> What is needed
The whole answer is the data below, retyped exactly.

§

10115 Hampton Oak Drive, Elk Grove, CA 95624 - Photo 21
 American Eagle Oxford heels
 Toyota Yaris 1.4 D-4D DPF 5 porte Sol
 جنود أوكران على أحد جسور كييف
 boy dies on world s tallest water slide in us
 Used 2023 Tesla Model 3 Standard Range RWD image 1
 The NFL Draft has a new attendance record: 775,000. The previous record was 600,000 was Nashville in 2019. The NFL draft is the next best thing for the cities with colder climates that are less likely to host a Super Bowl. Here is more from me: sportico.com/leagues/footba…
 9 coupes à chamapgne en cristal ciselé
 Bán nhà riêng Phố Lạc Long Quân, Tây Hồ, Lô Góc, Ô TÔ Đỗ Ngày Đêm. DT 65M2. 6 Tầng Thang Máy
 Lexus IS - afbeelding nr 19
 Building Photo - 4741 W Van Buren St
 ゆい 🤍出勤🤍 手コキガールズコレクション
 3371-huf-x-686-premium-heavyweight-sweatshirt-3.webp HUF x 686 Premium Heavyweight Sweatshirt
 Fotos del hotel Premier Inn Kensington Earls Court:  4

§

> Answer to this problem
10115 Hampton Oak Drive, Elk Grove, CA 95624 - Photo 21
 American Eagle Oxford heels
 Toyota Yaris 1.4 D-4D DPF 5 porte Sol
 جنود أوكران على أحد جسور كييف
 boy dies on world s tallest water slide in us
 Used 2023 Tesla Model 3 Standard Range RWD image 1
 The NFL Draft has a new attendance record: 775,000. The previous record was 600,000 was Nashville in 2019. The NFL draft is the next best thing for the cities with colder climates that are less likely to host a Super Bowl. Here is more from me: sportico.com/leagues/footba…
 9 coupes à chamapgne en cristal ciselé
 Bán nhà riêng Phố Lạc Long Quân, Tây Hồ, Lô Góc, Ô TÔ Đỗ Ngày Đêm. DT 65M2. 6 Tầng Thang Máy
 Lexus IS - afbeelding nr 19
 Building Photo - 4741 W Van Buren St
 ゆい 🤍出勤🤍 手コキガールズコレクション
 3371-huf-x-686-premium-heavyweight-sweatshirt-3.webp HUF x 686 Premium Heavyweight Sweatshirt
 Fotos del hotel Premier Inn Kensington Earls Court:  4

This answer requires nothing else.